Brief descriptive captions:
——————————

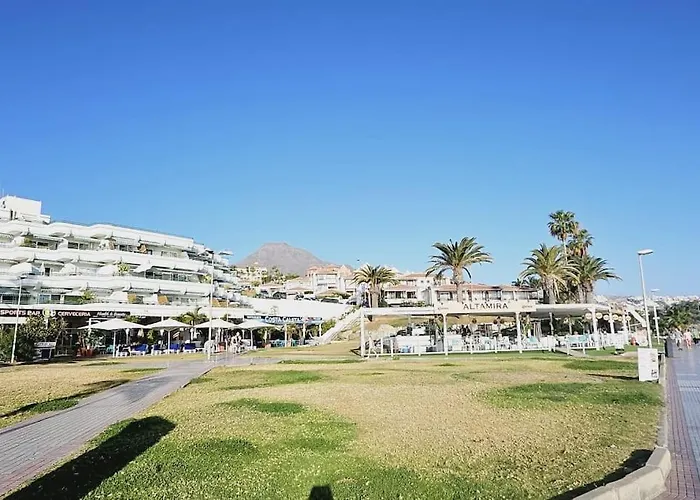 Apartman Altamira Paradise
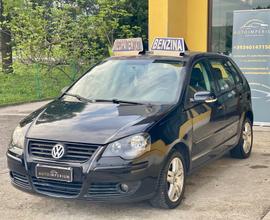 Vw Polo 1.4B 59kw Comfortline OK NEOPATENTATI 22-1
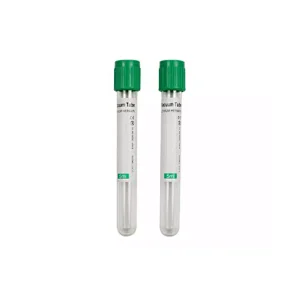 医用真空采血 n EDTA 管紫色 CE ISO 2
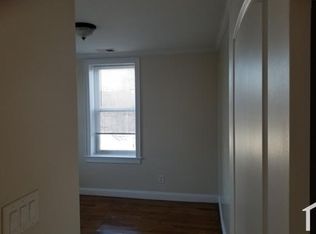 56 Seaver St #2, Boston, MA 02121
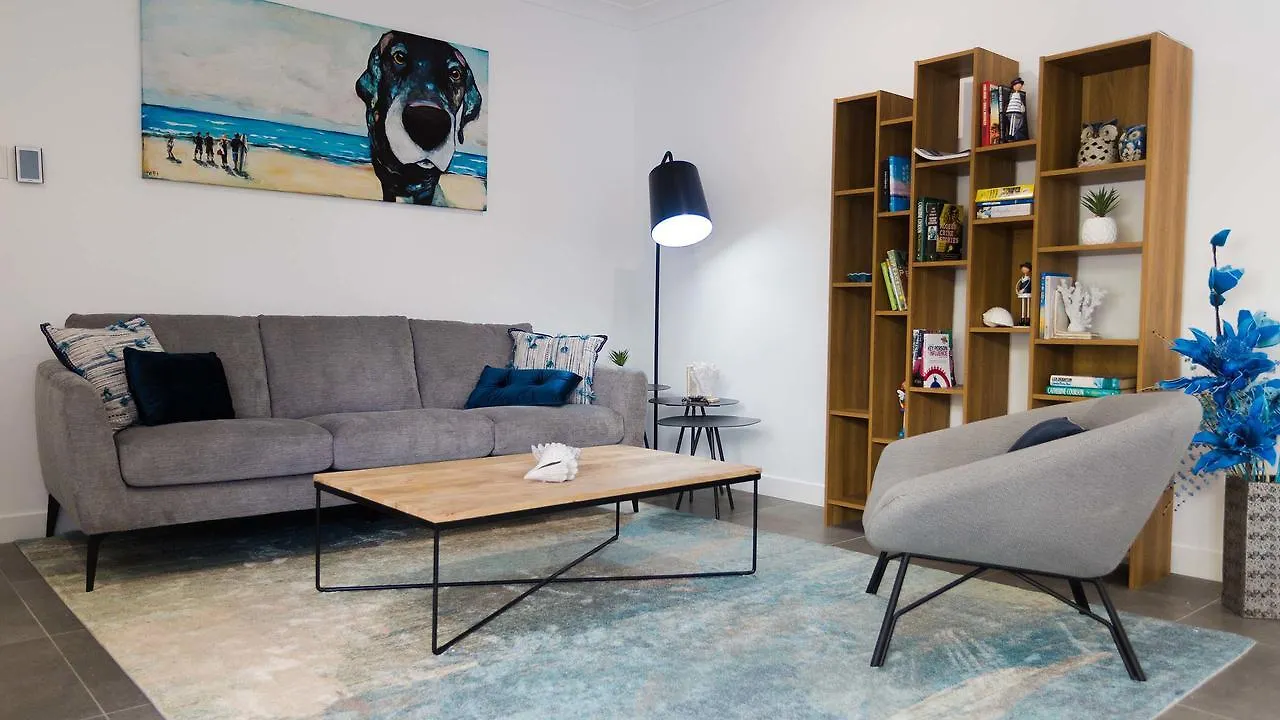 Дом отдыха Lamour House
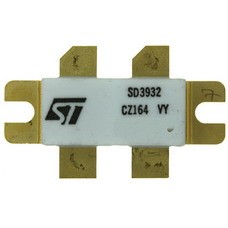 SD3932|STMicroelectronics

——————————

Problem to work on » Output all lines above precisely. Pictures are to be left out.

Solution for this task »
 Apartman Altamira Paradise
 Vw Polo 1.4B 59kw Comfortline OK NEOPATENTATI 22-1
 医用真空采血 n EDTA 管紫色 CE ISO 2
 56 Seaver St #2, Boston, MA 02121
 Дом отдыха Lamour House
 SD3932|STMicroelectronics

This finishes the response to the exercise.